When managing these various products, be sure to turn on all the automation you can. Human eyes are too unreliable and even the best teams will miss something. You also need to be sure to allow the products to drop packets containing threat vectors, send resets to hostile actors, etc.
And it goes without saying that if you don't lock down physical access to your networking equipment your network is toast anyway.
Short answer: No. Long one: start with vulnerability assessment for your key systems. These are: a) anything accessible to the Internet, b) your end-user devices (PC, laptops, mobile). To cover these two (and more), I can recommend Qualys which we have been using, designing and managing for 20 years now.

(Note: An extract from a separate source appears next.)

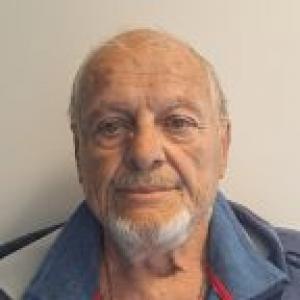 Robert A. Amerena a registered Criminal Offender of New Hampshire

Additionally, to really get your external perimeter clean (that includes DNS and email), I strongly recommend Hardenize.
Happy to discuss in more detail as needed.
No. I think products work on vulnerability analysis have 2 streams, web application and endpoints/appliances. They don't concentrate on both at the same level. For application you can look into fortify and for endpoints/appliances you can try qualys, tenable and rapid7.
It depends on the capabilities and reliability of the vulnerability analysis tool. In case of the tool has a high reliability and a low percentage of false positives and false negatives, it may be appropriate to have a single tool.
You wont find a single tool that will report on all the vulnerabilities that can crop up in your infrastructure. Such a tool would need to cover too many areas (On-Prem or Cloud, Network, Database(s)....). A better approach is to start by assessing what you absolutely must protect to protect your business. Work out what is critical and how it can be compromised. Then select tools to help you mitigate the risks. I would also recommend using tools that give you a Risk Assessment in an easily understood format. Some tools give pages and pages of data and leave you to figure out what it all means. If your are Public Cloud based, I would suggest you use a specialist tool such as SecureCloudDB to keep track of assets as they can spin up and down very quickly in the Cloud... so they can be part of your infrastructure without your knowledge. Equally, if you're not careful, they can come and go before you have had a chance to spot them.
If such as vulnerability analysis on software or application as static code analysis or purpose of SDLC review, I think currently Checkmarx , Micro Focus or Veracode should consider to this. if this is your requirement.
What kind of 'vulnerability analysis' tool are you referring to? Static code analysis for code? If so there are a couple tools that cover most languages pretty well, Checkmark and Veracode. Or are you looking for vulnerability management tools like Qualys, Tenable or Rapid7?